Isaiah 40.1-11, Mark 1.1-8. Straighten the road in the wilderness for the Lord is coming.

Thesis: God is still in the business of making old hearts new; our job is to straighten the road for the Lord by repenting, getting baptized, and welcoming the Spirit of Jesus.

This sermon begins with a humorous example about parents who unwittingly make the "little adult assumption." This section even includes a little role play example. The sermon also contains a very strong section on forgiveness, using an anecdote from India from William Willimon, and also one from South Africa. Both touch the heart and set up a close that invites people to take action.


Isaiah 61.1-11, Luke 4.14-30

Thesis: The fulfillment of Old Testament prophesy in Jesus is not something that theologians discovered through scholarly analysis; it was revealed to them by Jesus after the resurrection. Embracing these truths help us move from decaf to espresso Christianity.

This sermon unpacks a core concept that I've used countless times with intellectually strong investigators of Christian faith. Many get stuck on the issue that the Old Testament prophecies that Christians believe point to Jesus, but which are obscure to the inquirer. They occasionally ask how today's Jews interpret these Old Testament scriptures, and of course, they do not interpret them anything like Christians. Several years ago I resolved this dilemma (at least for myself, and as it turns out for people I've talked with about it) by realizing how first-century Christians came to their understanding. They did not analytically "connect the dots." Jesus himself revealed (taught) it to them after the resurrection and before the ascension. Whether or not you preach any part of this sermon, please read through it to help you deal with intellectual investigators.


Luke 1.26-38. The birth of Jesus foretold.

Thesis: The virgin birth helps us understand and accept God’s salvation offer, not as human virtue rewarded, but as people responding to God’s relentlessly unmerited grace.

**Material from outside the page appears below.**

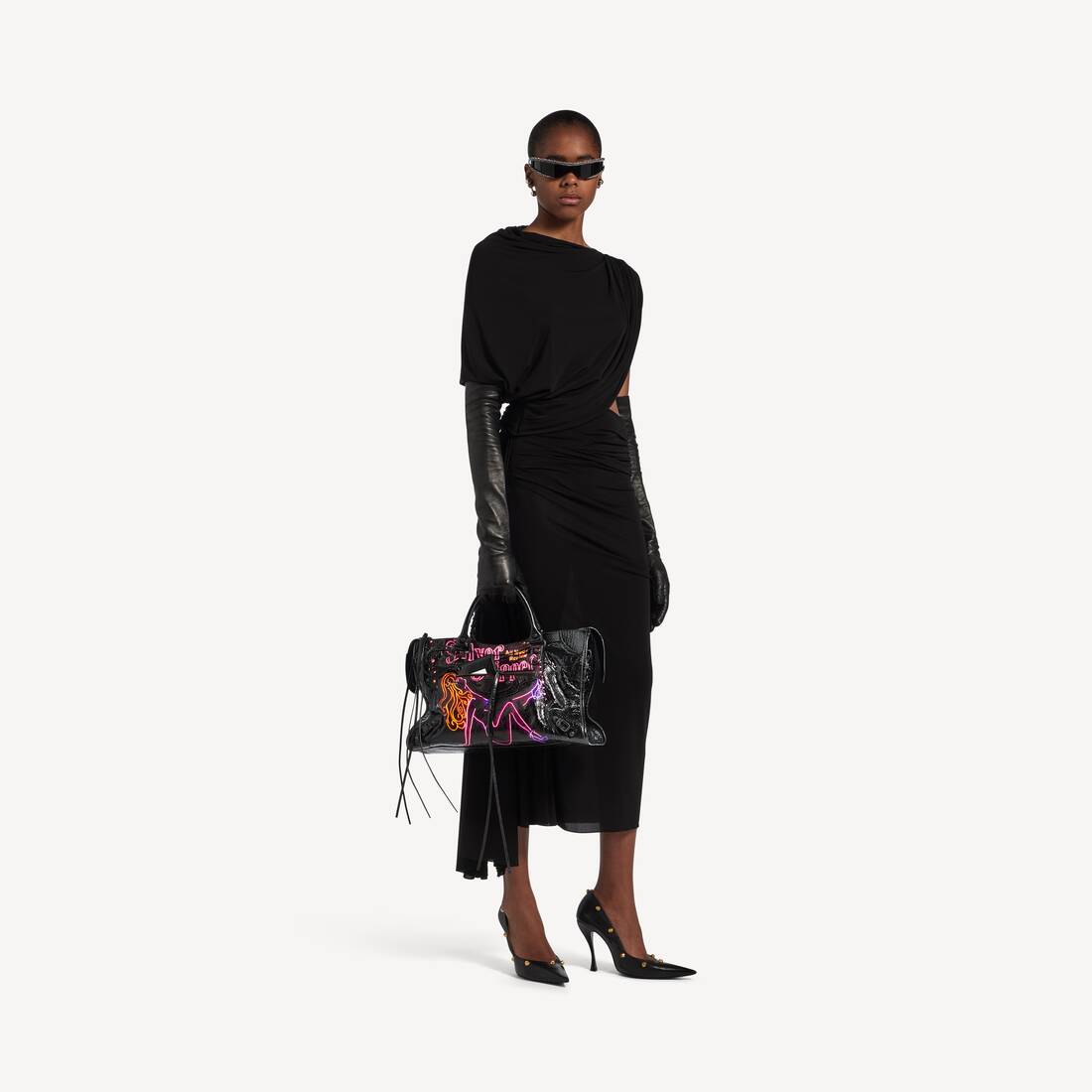 Women's Le City Bag Medium in Black | Balenciaga Croatia EN - Image 7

I sidestepped ever dealing with the virgin birth for as long as I could. Finally, in 2008, it was time to study up on it and deliver a sermon to our congregation on this topic. This is it.


Matt 1.18-25 (A Advent 4) or Luke 1.26-38 (B Advent 4). These scriptures are the two stories of angels coming to Joseph and Mary prior to the birth of Jesus.

Thesis: God gives us assignments, validates them, and then expects us to stay on track until he makes it just as clear that it’s time to move on to another assignment.

This sermon helps people grow to where they recognize and interpret God's prompting and then teaches them how to stay on track while things unfold in God's timing.


Advent 4 or 3: Belief that Matters

Luke 1.26-55.

Thesis: Belief that matters to God includes action.

This sermon is a great fit for Christmas Sunday morning. It looks at how God intersected the lives of Mary, Joseph, the shepherds, and wise men with assignments - encouraging all of them not to fear. And they all rearranged their lives to around God's assignment, leading the preacher to ask the church, "How about us. Will we rearrange our lives to serve God?"


Christmas Day: The Incarnation

This is the 3rd Big Idea of Christian Faith. For more about the series, go to the 10 Big Ideas of Christian Faith series.

John 1.14 (also could be revised to fit Matt 1.18-25, A 4Advent). John's poetic telling of the incarnation.

Thesis: From the beginning, God has desired to live among his people.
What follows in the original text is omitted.